The source code for the Py interpreter is in the ~cs61a/lib/python_modules/py/ directory. Run this command to copy it to a local directory (don't forget the period at the end):

cp -r ~cs61a/lib/python_modules/py/ .

For you first task, go ahead and try to find where the following items are located in the code. If you can, check the answers off with your TA. Note that if there are several locations where the functionality for a given item is defined, try to find them all.

  1. A built-in (primitive) function
  2. An if statement
  3. How to parse a lambda expression

Now that you've gotten used to how the Py interpreter is formatted, it's time to modify it!
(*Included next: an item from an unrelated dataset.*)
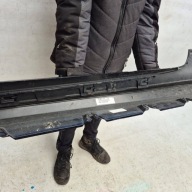 MERCEDES W205 COUPE AMG 14- moulding threshold right threshold right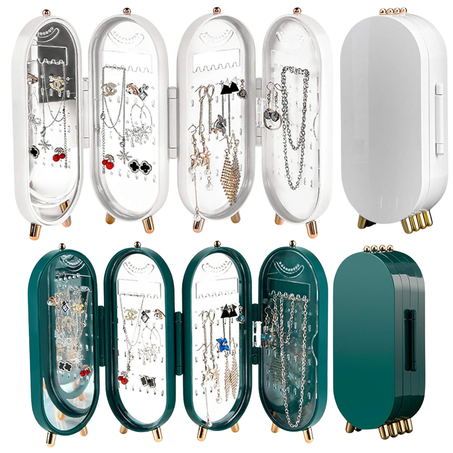 Boîte à Bijoux Pliable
We're going to add basic Exception handling to the interpreter; nothing fancy like what Python has, but just simple exceptions. They should behave as follows:

        Py> def func():
        ...     x = 3
        ...     raise x
        ... 
        Py> func()
        ERROR: 3
    

The raise statement takes another expression as an argument, and throws a basic exception up the stack with the value of that argument. That exception will get caught by the REPL (read eval print loop) that runs the interpreter in Python. Some suggested steps to implementing this include:

  1. Adding a new keyword to the language
  2. Making sure the language can parse the raise statement correctly
  3. Adding a new statement type
  4. OPTIONAL: Adding a PyException class that is the subclass of any exception a program run in the Py interpreter can throw. If you don't want to do this, you can instead have your raise expression throw a BaseException

Note: If this is taking forever, and you get stuck and don't know what to do next, ask for help! If you want to move on, then at least be sure that you have a general idea of where you would define the new behaviors for the raise expression in the code, if you're having trouble coming up with the exact code to complete this problem.

Streams

This week, we'll be exploring methods of creating sequences of values incrementally, using three different constructs. We first start with streams which we saw today in lecture, and then we will introduce iterators and generators.

Streams are another way to represent a sequence of values and are often useful for representing "infinite" sequences. One basic implementation of a Stream is the following class definition:

class Stream(object):
    """A lazily computed recursive list."""
    def __init__(self, first, compute_rest, empty=False):
        self.first = first
        self._compute_rest = compute_rest
        self.empty = empty
        self._rest = None
        self._computed = False

    @property
    def rest(self):
        assert not self.empty, ’Empty streams have no rest.’
        if not self._computed:
            self._rest = self._compute_rest()
            self._computed = True
        return self._rest

    empty_stream = Stream(None, None, True)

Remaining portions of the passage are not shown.